I pick up the tape. “Calm down and try it again. You can do this.”
“You do it. I’m going in to help Grandma make lunch.” She tosses her pencil down, runs off. It bounces and skitters away under a shelf of Christmas decorations.
“Ah.” Dad starts up his saw. “Reminds me of her mother.”
“Unfortunately.” I bend over to look for the pencil.
“Allow me.” Mr. Morton squats and peers under the shelving unit.
I regret that I never swept the spiderwebs away. “Watch out for black widows.”
He gets on his belly and reaches far into the darkness to retrieve the pencil, then wipes the dust on his jeans. “Riley has a low frustration threshold, I’ve noticed.”
“You think?” We go outside, away from the saw noise and from the house, where I suspect Riley is standing with an ear to the window. I tell him about Riley’s background and how she came to be here.
“No contact with her father?”
“Used to have. She spent the first few years of her life with him. Basically, now he’s a sperm donor and an occasional wallet.” I cross my arms. “But my sister chooses to live a certain way. And her kid suffers.”
Mr. Morton looks at me full in the face. “It’s really good of you to let Riley live here.”
I think about when Riley arrived, how my initial thought had been to send her to live with my parents. Then I remember showing Riley the grocery store. I think about what Becky is missing. What she has missed, all this time. I’m not sure I want Riley to leave.
I clear my throat. Compliments tend to embarrass me. I shrug. “She’s my niece.”
His gaze focuses on the rose garden. I think he’ll ask me a question about the roses next, but he doesn’t. An expression of sadness crosses his face, more sadness than Riley’s story should have mustered. I consider asking him what’s wrong, but I don’t know him well. I don’t like it when people pry into my life, tell me I look tired or sick, want to know all the gory details. I wait. If he talks, I’ll listen.
He takes a breath and focuses back to where we are. He grins. “Let’s get back to our medieval weaponry.”
10
ON MONDAY MORNING, MY MOTHER DRIVES ME TO MY IVP test.
“I don’t like this one bit.” Mom grips the steering wheel so hard her hands turn white. “You are allergic to that dye.”
“I don’t have a choice, Mom,” I say mechanically. We have been having this conversation for the past twenty-four hours, and longer than that. I am afraid Mom will unleash her full mother bear wrath on the doctor, and then I will never get my kidney.
“They’re idiots. Idiots.” She is practically spitting. Gone is the artist full of gentility and flowing robes.
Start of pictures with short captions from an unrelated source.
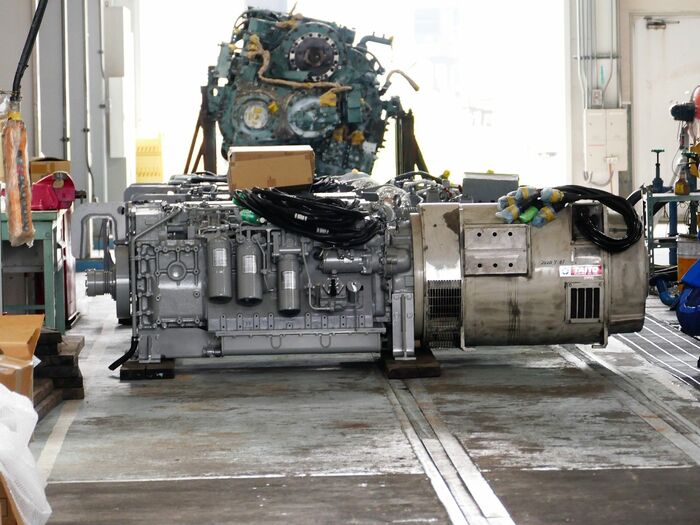 瑞風のエンジン。右側が発電機
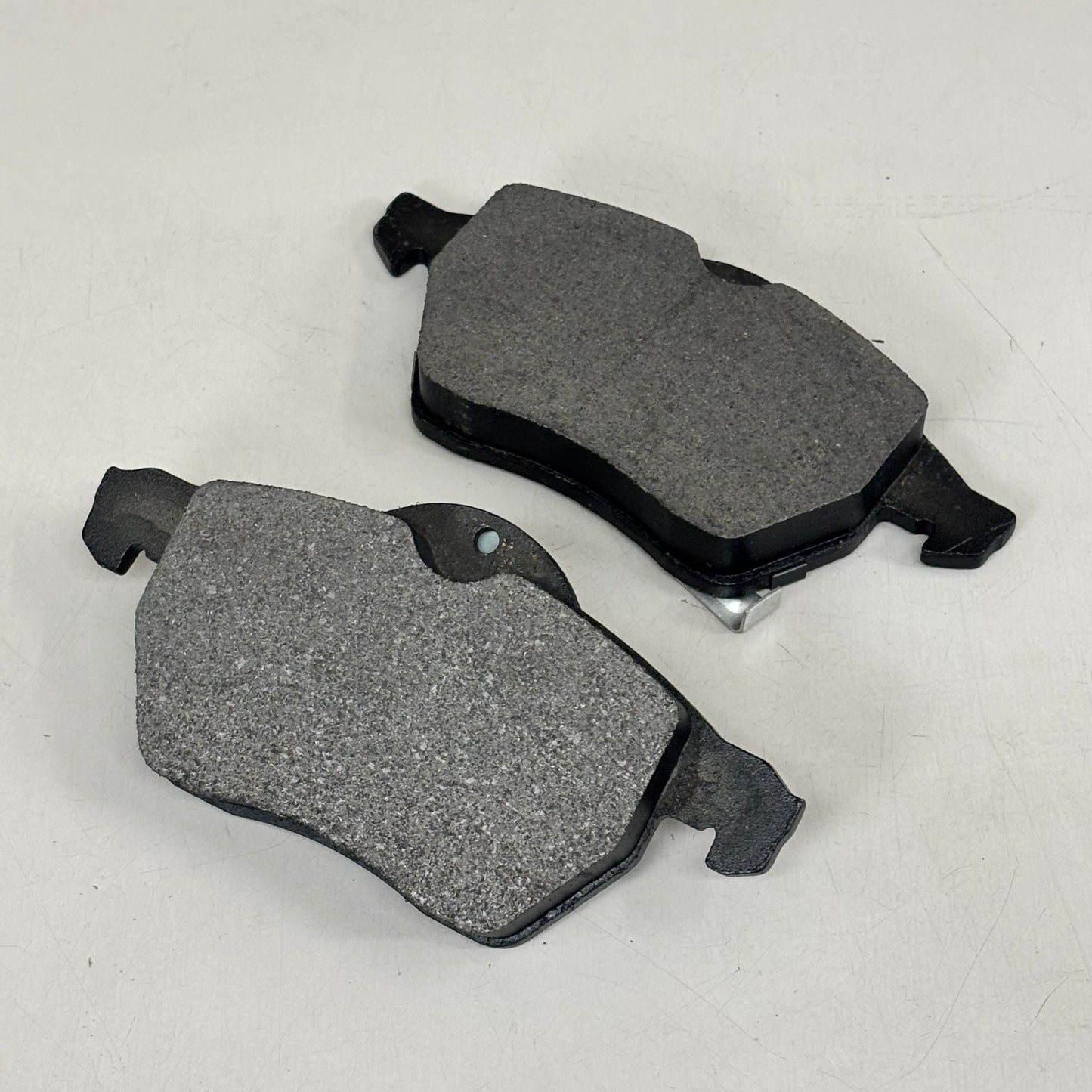 CARQUEST Premium Gold Brake Pads Semi-Metallic MKD819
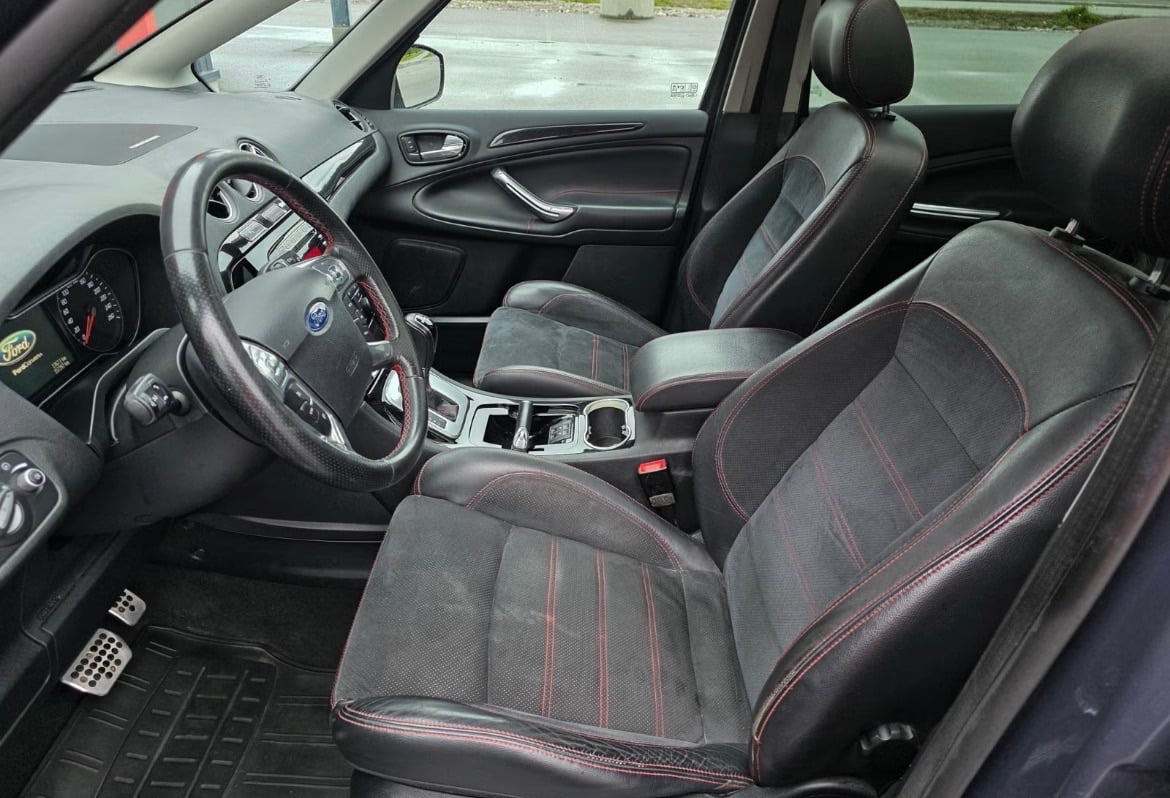 Ford S-Max with Baby seat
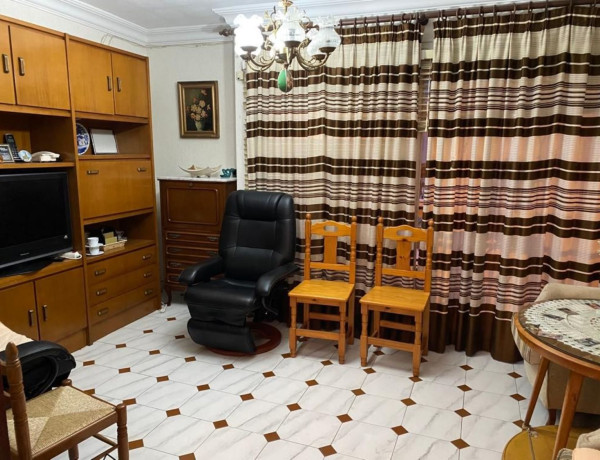 Piso en venta en calle Concepción Rodríguez Garzón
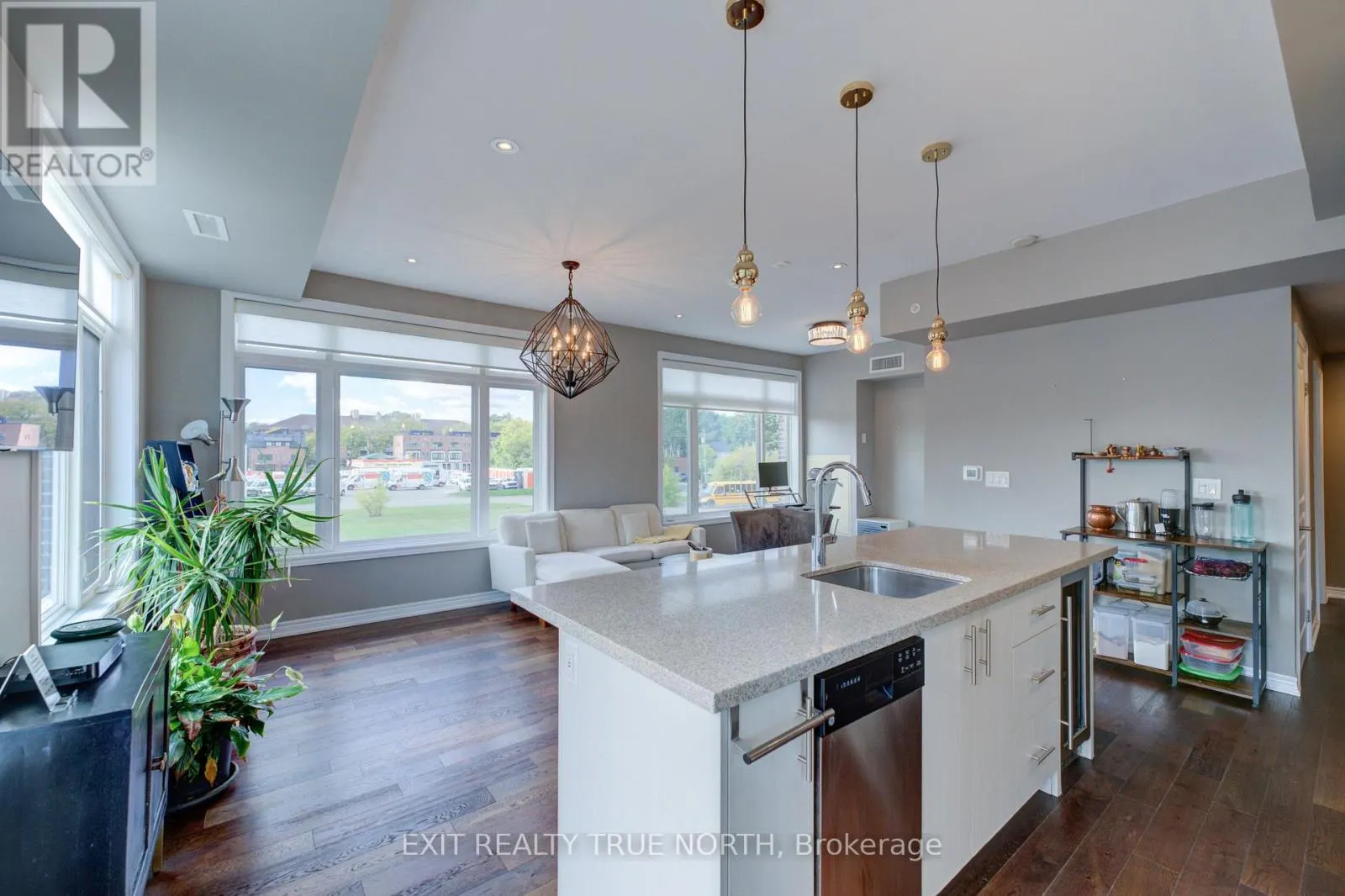 205 - 457 PLAINS ROAD E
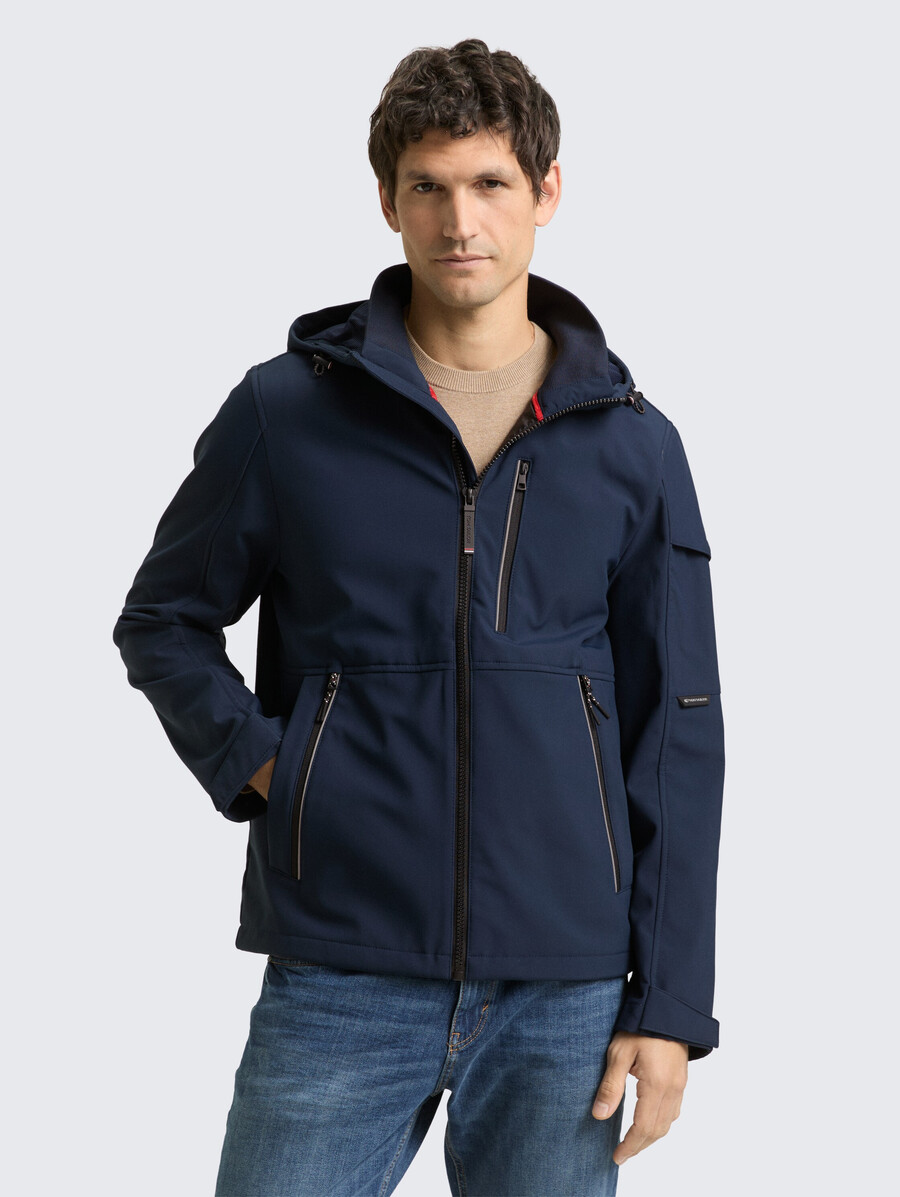 giacca softshell con cappuccio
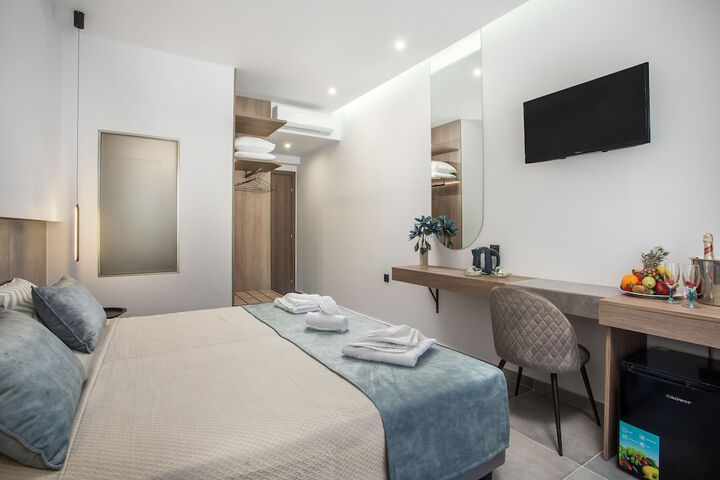 Room 5 of 37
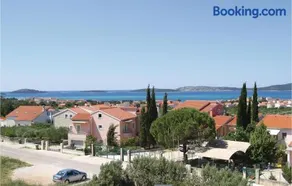 Four-Bedroom Holiday Home In Brodarica - Image 3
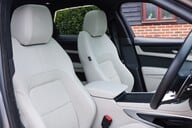 Jaguar F-Pace 2.0 R-DYNAMIC BLACK MHEV 41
She has her hair pulled back into a knot and she’s wearing her cherry-red velour tracksuit, the closest she gets to a power suit.
“Stay calm, Mother.”
“Your doctor needs to be told what’s what.”
Great. “Please do not challenge Dr. Blankenship. She already hates me.”
Mom pulls into a parking space and turns to face me. “Gal. If I had been one-tenth as assertive as I am now when you were little, you’d still have a kidney.” She swallows hard.
I pat her arm. Mom will never get over this guilt, this feeling that she should have done more. It’s not her fault. She trusted the doctors to find out what was wrong, not let it destroy my kidneys. We will never consider doctors to be infallible again.
Inside, Dr. Blankenship waits. She extends her hand to my mother. “Mrs. Garner, good to see you again.”
Mom shakes her hand feebly. “I don’t like this. She had this dye done when she was twelve, and the doctor said she would die if they repeated it.”
Dr. Blankenship blinks. “We’re taking every precaution. Don’t you worry.”
Mom snorts. “If you had children, you would know that is a useless thing to tell a mother.”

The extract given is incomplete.